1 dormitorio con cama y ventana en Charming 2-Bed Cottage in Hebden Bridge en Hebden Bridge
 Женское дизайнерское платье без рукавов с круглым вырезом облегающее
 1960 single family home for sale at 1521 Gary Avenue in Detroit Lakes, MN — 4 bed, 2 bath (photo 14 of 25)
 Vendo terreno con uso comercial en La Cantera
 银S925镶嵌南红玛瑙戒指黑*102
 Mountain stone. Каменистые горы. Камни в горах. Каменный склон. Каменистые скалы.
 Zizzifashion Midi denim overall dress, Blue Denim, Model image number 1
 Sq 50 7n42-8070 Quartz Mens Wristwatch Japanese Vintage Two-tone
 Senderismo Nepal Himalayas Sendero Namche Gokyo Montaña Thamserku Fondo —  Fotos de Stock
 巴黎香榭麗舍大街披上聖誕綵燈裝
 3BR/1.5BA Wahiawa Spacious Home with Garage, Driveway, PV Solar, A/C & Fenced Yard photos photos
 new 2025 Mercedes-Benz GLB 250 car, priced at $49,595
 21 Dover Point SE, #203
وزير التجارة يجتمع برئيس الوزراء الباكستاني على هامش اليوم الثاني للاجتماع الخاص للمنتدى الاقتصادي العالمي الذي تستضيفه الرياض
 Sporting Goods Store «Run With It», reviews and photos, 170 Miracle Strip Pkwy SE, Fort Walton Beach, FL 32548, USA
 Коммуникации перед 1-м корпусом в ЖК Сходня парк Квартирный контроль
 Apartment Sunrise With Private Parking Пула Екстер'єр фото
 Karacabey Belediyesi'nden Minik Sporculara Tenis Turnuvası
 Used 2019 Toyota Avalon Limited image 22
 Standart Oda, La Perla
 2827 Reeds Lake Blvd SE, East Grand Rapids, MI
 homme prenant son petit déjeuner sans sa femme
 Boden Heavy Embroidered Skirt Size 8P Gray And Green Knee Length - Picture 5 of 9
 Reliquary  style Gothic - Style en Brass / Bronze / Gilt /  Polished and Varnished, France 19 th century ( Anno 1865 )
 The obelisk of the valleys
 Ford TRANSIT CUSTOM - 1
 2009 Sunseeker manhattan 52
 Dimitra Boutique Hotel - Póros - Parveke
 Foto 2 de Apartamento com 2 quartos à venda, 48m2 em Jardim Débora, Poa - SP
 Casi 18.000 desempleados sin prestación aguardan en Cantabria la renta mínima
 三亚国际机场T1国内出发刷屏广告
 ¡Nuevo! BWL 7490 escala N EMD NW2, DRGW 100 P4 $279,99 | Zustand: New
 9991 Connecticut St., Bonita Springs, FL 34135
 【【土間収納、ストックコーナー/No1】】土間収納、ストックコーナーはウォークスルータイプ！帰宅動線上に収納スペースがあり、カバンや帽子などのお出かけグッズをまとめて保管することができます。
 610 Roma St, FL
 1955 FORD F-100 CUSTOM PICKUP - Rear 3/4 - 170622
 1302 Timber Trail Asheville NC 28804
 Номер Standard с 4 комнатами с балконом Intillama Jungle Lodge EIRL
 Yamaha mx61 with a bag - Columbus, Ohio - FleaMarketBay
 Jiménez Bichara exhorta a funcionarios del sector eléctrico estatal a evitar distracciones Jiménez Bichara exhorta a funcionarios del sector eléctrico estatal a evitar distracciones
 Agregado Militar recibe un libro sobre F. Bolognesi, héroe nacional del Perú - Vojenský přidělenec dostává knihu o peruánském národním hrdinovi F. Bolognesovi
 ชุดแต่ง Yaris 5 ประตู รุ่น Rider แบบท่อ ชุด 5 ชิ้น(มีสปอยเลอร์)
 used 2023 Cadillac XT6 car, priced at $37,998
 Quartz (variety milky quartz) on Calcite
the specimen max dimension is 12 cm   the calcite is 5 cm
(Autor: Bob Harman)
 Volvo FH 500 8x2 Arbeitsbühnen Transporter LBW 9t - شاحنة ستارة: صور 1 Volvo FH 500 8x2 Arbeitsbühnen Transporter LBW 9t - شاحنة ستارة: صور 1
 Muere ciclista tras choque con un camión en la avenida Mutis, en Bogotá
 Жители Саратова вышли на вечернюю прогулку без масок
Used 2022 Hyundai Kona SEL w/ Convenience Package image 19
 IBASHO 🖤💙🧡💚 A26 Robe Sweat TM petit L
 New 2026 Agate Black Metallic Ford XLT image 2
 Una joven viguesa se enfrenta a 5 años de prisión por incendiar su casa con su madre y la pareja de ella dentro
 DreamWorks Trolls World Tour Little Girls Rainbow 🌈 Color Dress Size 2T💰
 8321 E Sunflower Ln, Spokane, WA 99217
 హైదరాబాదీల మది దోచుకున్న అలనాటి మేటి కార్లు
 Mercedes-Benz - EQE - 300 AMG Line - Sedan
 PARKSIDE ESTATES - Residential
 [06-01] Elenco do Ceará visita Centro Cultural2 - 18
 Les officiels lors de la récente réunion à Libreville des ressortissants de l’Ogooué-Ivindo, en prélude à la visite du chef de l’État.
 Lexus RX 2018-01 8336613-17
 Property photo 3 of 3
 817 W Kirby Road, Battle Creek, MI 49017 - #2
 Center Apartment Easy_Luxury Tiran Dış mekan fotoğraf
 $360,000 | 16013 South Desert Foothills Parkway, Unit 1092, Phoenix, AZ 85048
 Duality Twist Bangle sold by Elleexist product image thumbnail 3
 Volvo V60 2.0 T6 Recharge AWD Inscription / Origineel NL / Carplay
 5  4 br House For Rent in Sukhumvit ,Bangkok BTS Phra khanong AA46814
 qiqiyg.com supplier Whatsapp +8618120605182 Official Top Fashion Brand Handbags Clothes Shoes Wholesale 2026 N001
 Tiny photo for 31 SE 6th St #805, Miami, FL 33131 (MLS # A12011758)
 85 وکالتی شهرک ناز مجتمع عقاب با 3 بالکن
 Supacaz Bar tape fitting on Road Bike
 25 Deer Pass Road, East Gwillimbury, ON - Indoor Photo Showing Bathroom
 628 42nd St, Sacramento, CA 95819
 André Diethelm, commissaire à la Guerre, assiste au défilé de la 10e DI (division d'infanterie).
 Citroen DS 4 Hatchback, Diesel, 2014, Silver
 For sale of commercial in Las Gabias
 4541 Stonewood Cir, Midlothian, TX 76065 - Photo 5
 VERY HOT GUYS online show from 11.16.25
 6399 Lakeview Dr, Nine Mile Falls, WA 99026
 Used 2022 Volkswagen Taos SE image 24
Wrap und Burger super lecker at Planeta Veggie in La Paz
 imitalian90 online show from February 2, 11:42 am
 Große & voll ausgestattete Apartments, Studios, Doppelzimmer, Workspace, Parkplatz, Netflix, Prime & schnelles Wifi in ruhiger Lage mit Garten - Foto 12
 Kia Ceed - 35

*YOUR TASK*: Copy exactly the lines of the listing above, beginning at the line with "Volvo V60 2.0" and ending at its final line; write out nothing else.

*ANSWER FOR THE TASK*:
 Volvo V60 2.0 T6 Recharge AWD Inscription / Origineel NL / Carplay
 5  4 br House For Rent in Sukhumvit ,Bangkok BTS Phra khanong AA46814
 qiqiyg.com supplier Whatsapp +8618120605182 Official Top Fashion Brand Handbags Clothes Shoes Wholesale 2026 N001
 Tiny photo for 31 SE 6th St #805, Miami, FL 33131 (MLS # A12011758)
 85 وکالتی شهرک ناز مجتمع عقاب با 3 بالکن
 Supacaz Bar tape fitting on Road Bike
 25 Deer Pass Road, East Gwillimbury, ON - Indoor Photo Showing Bathroom
 628 42nd St, Sacramento, CA 95819
 André Diethelm, commissaire à la Guerre, assiste au défilé de la 10e DI (division d'infanterie).
 Citroen DS 4 Hatchback, Diesel, 2014, Silver
 For sale of commercial in Las Gabias
 4541 Stonewood Cir, Midlothian, TX 76065 - Photo 5
 VERY HOT GUYS online show from 11.16.25
 6399 Lakeview Dr, Nine Mile Falls, WA 99026
 Used 2022 Volkswagen Taos SE image 24
Wrap und Burger super lecker at Planeta Veggie in La Paz
 imitalian90 online show from February 2, 11:42 am
 Große & voll ausgestattete Apartments, Studios, Doppelzimmer, Workspace, Parkplatz, Netflix, Prime & schnelles Wifi in ruhiger Lage mit Garten - Foto 12
 Kia Ceed - 35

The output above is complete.